_Records shown_
········
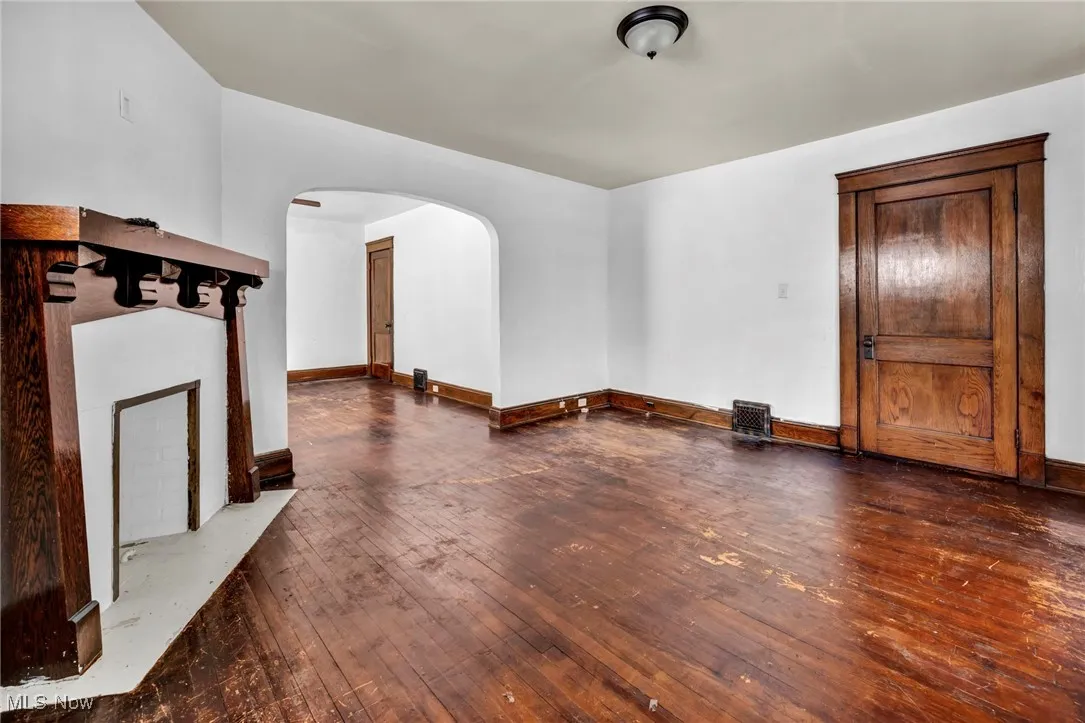 Unfurnished living room with arched walkways, baseboards, and hardwood / wood-style flooring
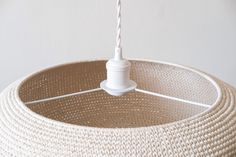 a white lamp hanging from the ceiling with a cord attached to it's end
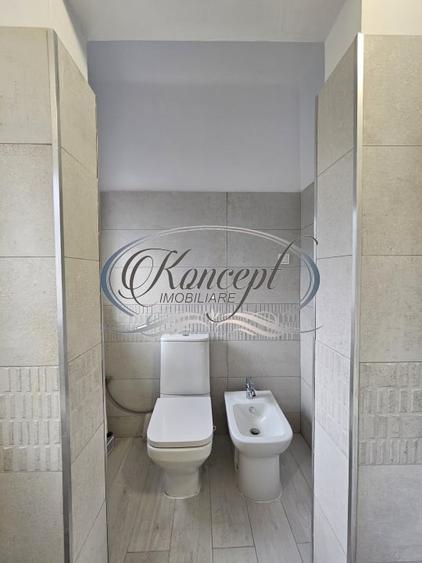 Proprietate renovata cu boxa generoasa pe Bulevardul 21 Decembrie - 9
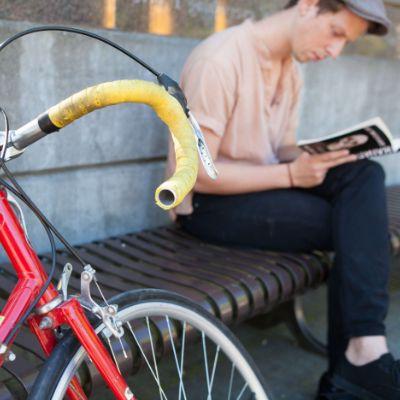 An SPU student reading a book near his bike in Martin Square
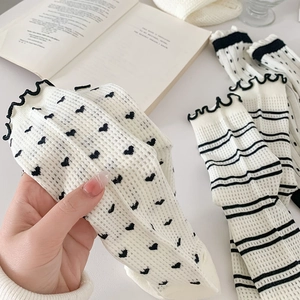 Detail of sweet heart pattern socks with mesh texture and ruffled lace cuffs for women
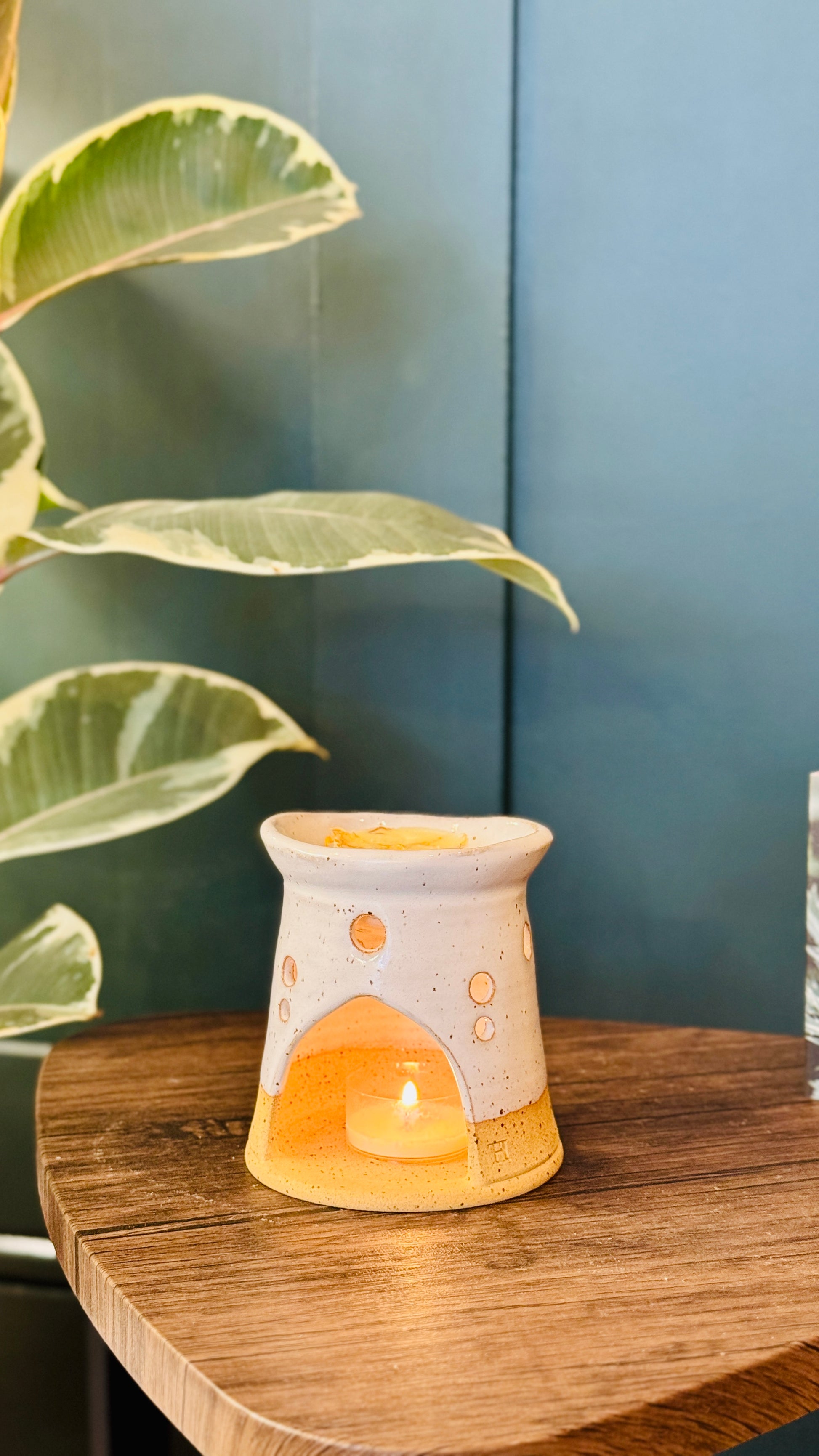 handmade wax melt burner in a white glaze, facing to the front with a wax melt burning  on a wooden table with a plant in the left side of the image 
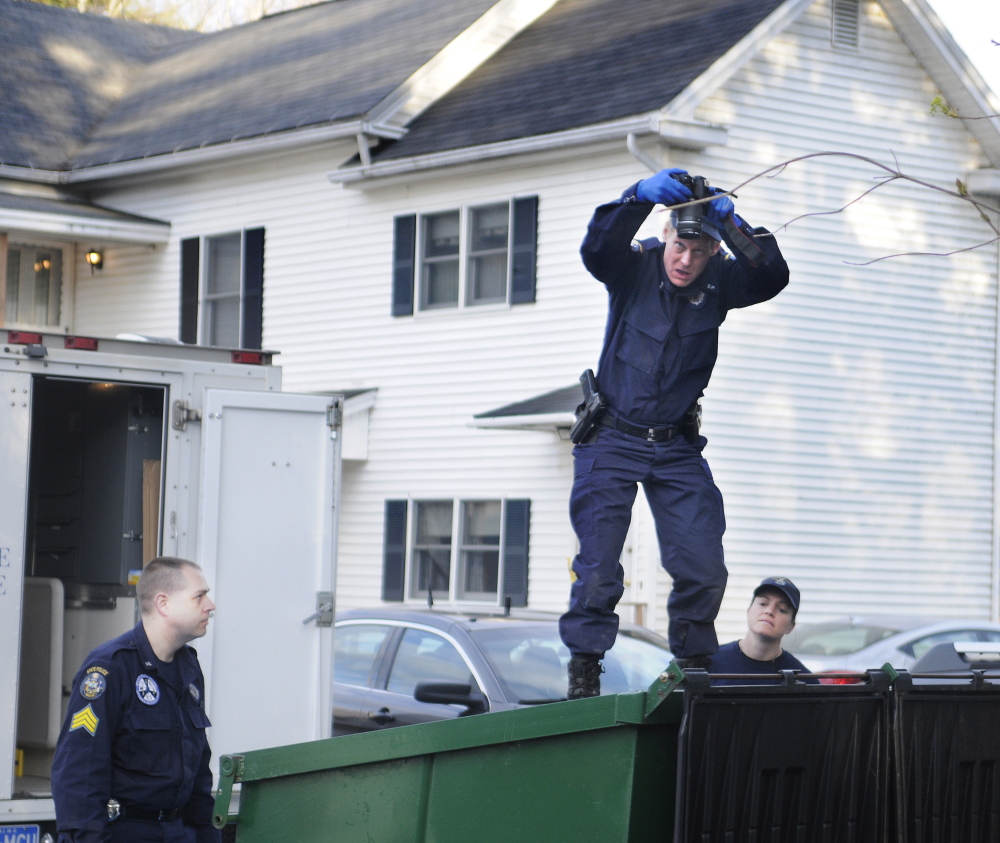 Maine State Police Detective Terry James, center, photographs the interior of a Dumpster on Monday outside of the apartment that Leroy Smith Jr. shared with his son, Leroy Smith III, in South Gardiner. Detective Sgt. Jason Richards, left, and Trooper Breanne Petrini searched the Dumpster after the elder Smith’s body was recovered in Richmond.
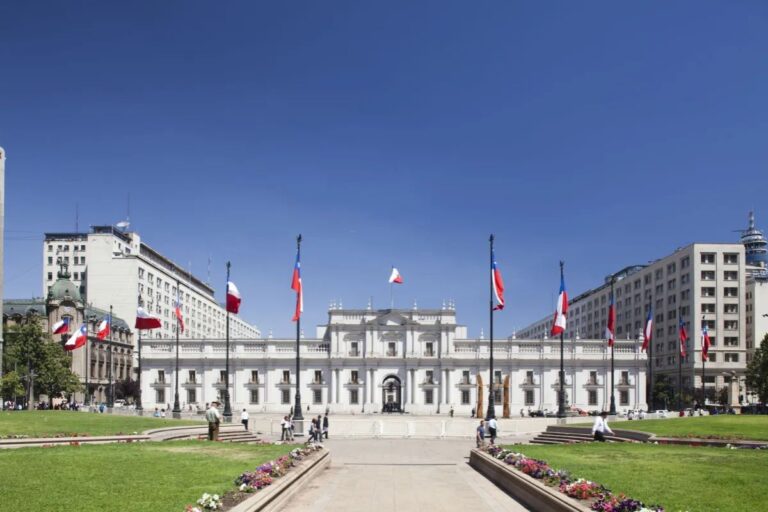 Vista frontal externa do Palácio de La Moneda, a sede do governo chileno, em Santiago. O prédio neoclássico branco está sob um céu azul claro, cercado por uma praça gramada e caminhos pavimentados. Diversas bandeiras do Chile estão hasteadas em postes ao redor da praça e em frente ao palácio.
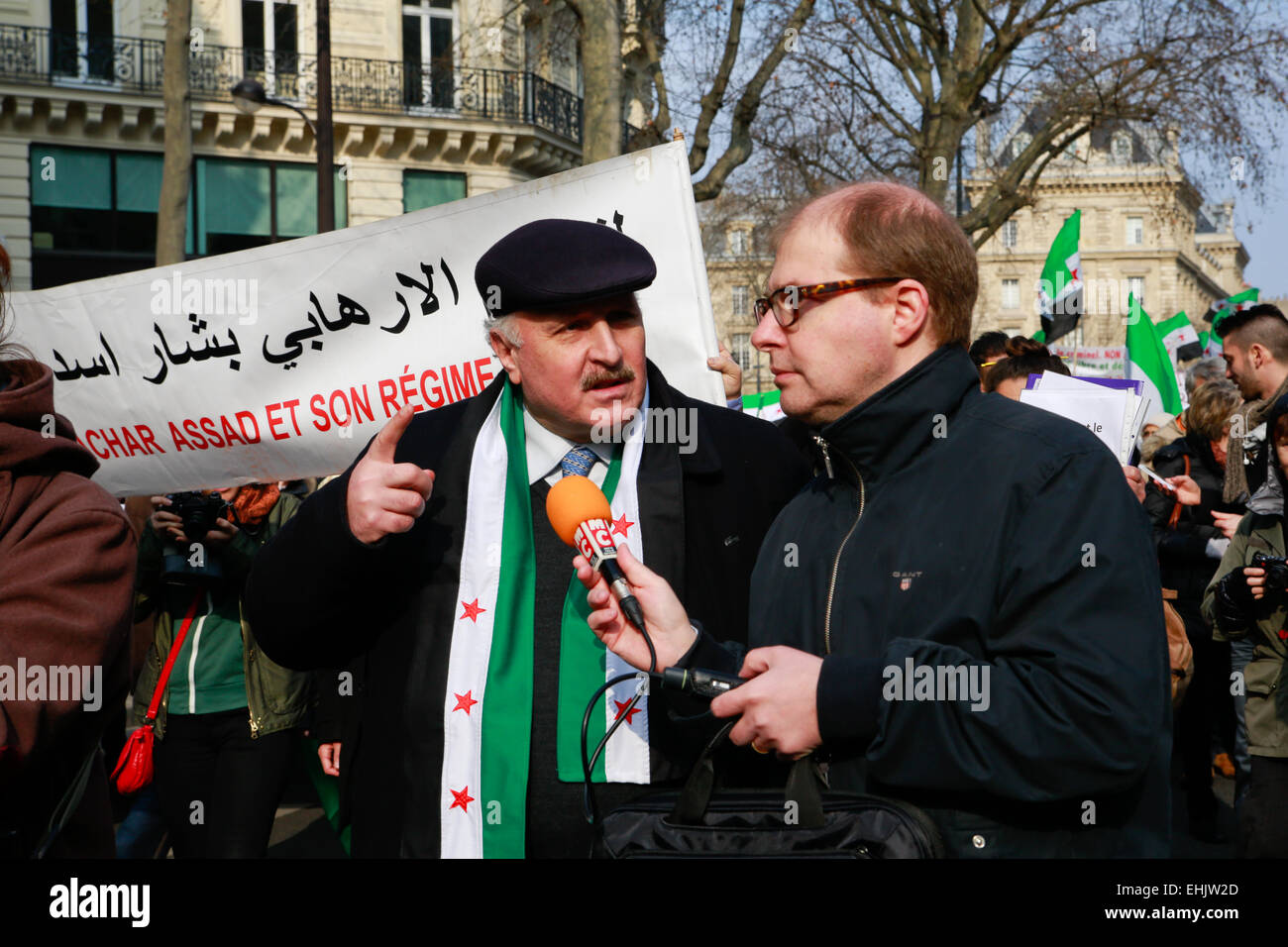 Paris, France. 14th March, 2015. Wael al Hafez, a Syrian activist is interviewed by a journalist from RMC radio Credit:  Estelle des Dorides/Alamy Live News Stock Photo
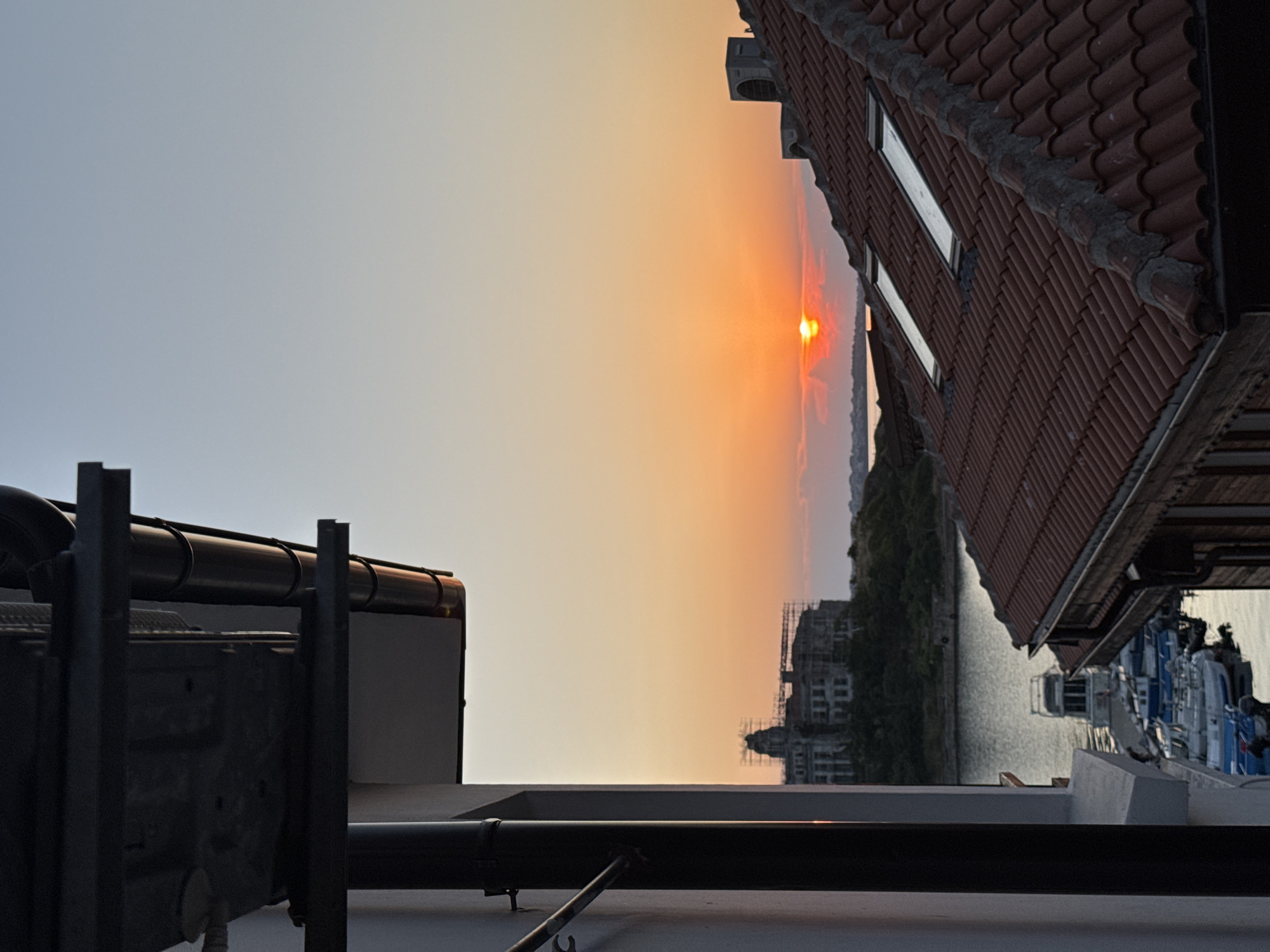The image depicts a sunset scene in Sozopol, Bulgaria. The sun is low on the horizon, casting a warm orange glow across the sky. The foreground features rooftop elements, including pipes, railings, and part of a building with a tiled roof. To the right, a building with a red-tiled roof and windows is visible. In the background, across a body of water, there is a tree-covered hillside and buildings, some of which appear to be under construction. Boats are docked along the waterfront on the right side of the image. The overall mood is peaceful and serene, characteristic of a sunset. The time of day is clearly evening, as indicated by the setting sun.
········
_Task to carry out_
Skip every picture, and restate word for word only the lines above from the line containing "Vista frontal externa" to the line containing "Paris, France. 14th", both of them included.

_Answer for this exercise_
 Vista frontal externa do Palácio de La Moneda, a sede do governo chileno, em Santiago. O prédio neoclássico branco está sob um céu azul claro, cercado por uma praça gramada e caminhos pavimentados. Diversas bandeiras do Chile estão hasteadas em postes ao redor da praça e em frente ao palácio.
 Paris, France. 14th March, 2015. Wael al Hafez, a Syrian activist is interviewed by a journalist from RMC radio Credit:  Estelle des Dorides/Alamy Live News Stock Photo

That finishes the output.